Wellbeing Series for 2017

March 21, 2017

The aim of the Wellbeing Series for 2017 is to address difficult conversations with children. Sometimes it is because of the topic, sometimes it is because there is a normal strained relationship between parents and their son as he pulls away from his childhood – and at times, you, as a parent.

During the teenage years, it is normal for boys to distance themselves from their parents. Fortunately, this is transient and generally passes as they begin to define themselves as adults. Some subjects are tough to discuss, especially when they are personal rather than simply academic. Personal issues that relate to their behaviour can easily turn into an argument.

The 21st century has delivered some challenges for parents who are very new to some current issues facing our children. The support from older members of the family who would normally offer guidance is less useful for parents as they too have never experienced these new challenges. Issues such as online pornography and the way in which electronic devices can affect sleep patterns are relatively new challenges and our boys are in need of help, even if they do not overtly ask for it.

Personal topics such as mental health are sensitive and cannot easily be navigated through without a good starting point. Our Senior Prefects and student leaders have made ‘positive mental health’ their priority for 2017 and they want to address the alarming statistics about mental health issues in young people, especially young males. I commend our new leaders for their commitment to starting this difficult conversation with our boys. There has long been an atmosphere of silence, especially for young men who have found it beyond them to seek help when they are disengaged, lonely, anxious or depressed. It has been refreshing to see a shift towards openness and the drawing of support from friends, teachers and psychologists in addressing the issue of mental health.
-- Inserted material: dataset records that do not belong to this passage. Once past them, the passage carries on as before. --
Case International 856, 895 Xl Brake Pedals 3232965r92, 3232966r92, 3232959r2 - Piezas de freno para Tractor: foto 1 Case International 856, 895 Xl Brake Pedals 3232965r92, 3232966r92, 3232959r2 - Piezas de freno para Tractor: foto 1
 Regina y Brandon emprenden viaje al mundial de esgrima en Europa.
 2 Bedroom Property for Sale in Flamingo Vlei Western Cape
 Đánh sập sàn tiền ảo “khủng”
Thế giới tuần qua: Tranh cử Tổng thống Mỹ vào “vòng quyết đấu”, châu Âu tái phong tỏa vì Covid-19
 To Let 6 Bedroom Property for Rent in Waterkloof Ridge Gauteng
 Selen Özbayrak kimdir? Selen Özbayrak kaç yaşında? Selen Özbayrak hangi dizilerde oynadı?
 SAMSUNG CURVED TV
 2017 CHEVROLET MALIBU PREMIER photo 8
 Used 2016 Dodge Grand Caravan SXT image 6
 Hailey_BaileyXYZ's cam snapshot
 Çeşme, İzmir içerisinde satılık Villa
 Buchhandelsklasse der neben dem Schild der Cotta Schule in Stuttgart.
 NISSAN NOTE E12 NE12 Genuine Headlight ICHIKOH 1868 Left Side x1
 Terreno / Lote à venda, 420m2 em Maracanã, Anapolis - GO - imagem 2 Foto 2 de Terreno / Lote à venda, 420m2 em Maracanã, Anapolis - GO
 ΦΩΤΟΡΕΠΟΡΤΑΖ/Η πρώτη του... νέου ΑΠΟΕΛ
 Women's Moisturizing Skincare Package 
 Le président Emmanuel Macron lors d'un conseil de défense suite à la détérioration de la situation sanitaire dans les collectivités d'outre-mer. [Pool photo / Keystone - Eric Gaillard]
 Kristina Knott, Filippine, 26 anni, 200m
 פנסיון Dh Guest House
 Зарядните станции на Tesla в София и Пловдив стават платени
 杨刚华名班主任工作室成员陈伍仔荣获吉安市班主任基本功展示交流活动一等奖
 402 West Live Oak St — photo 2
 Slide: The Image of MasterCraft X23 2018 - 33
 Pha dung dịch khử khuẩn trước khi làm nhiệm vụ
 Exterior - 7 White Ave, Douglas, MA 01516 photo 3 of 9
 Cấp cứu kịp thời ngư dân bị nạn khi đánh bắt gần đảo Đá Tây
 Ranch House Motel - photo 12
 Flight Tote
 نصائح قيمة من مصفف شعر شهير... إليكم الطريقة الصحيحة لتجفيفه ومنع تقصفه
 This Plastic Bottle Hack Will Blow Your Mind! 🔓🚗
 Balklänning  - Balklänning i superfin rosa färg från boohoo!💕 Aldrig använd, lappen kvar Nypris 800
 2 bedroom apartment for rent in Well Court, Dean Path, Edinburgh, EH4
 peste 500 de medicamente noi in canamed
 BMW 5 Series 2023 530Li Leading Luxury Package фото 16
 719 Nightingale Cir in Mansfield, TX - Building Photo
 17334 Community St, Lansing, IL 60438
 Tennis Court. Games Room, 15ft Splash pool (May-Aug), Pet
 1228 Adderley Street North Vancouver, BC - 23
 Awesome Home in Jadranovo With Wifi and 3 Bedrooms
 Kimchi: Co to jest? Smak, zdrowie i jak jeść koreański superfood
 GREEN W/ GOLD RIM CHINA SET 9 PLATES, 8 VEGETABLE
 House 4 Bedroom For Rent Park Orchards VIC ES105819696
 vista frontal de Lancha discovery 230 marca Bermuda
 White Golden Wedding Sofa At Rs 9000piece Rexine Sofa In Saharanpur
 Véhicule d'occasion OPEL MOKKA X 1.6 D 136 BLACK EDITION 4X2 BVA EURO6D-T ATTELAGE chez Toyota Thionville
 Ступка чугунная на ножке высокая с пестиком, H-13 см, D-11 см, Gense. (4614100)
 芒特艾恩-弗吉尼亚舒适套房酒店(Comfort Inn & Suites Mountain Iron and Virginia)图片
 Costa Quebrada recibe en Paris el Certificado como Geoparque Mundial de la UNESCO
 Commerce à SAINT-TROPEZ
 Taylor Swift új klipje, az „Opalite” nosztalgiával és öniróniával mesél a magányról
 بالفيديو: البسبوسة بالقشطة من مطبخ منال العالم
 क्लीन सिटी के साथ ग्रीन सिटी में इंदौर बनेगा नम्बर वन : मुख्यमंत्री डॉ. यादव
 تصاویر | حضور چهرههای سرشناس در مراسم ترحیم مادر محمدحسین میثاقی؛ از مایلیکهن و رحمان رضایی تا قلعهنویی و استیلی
Today Mr Sam Webb, CEO of Livin’, an organisation that specialises in youth mental health, addressed all of our boys and this evening Headspace will present to our school leaders, leaders from various other schools and our parent body. If you are unable to attend this session, I encourage you to attend other sessions during the year that could be of benefit to you when you need to have these more difficult conversations with your son. Even if your son is thriving, the content of these sessions will assist all boys and families in navigating some challenges that could arise. Other difficult topics such as pornography, sleep, electronic devices, safe partying, and young people and the law will be covered throughout the year.

Difficult conversations can be made a little easier with a good starting point and awareness about where you can seek help should you need it. If you can attend these sessions, we believe you will find them worthwhile.

Details are available below. Students are welcome to attend these sessions with you but will also be attending other wellbeing seminars during the year.

  • 22 March: Positive Psychology Training with Paula Robinson of the Positive Psychology Institute
  • 9 May: Pornography and Young People with Maree Crabbe of Reality & Risk (this is strictly parents only)
  • 13 June: Alcohol, Drugs & Partying with Trent Southworth of Teen Strategies Group
  • 19 September: Technology and Sleep with Lisa Maltman of the Sleep Connection
  • 21 November: Young People and the Law with His Honour Magistrate Greg Grogin (ON 1976)

The wellbeing of our boys is central to their learning and their growth, and these information sessions may assist us all.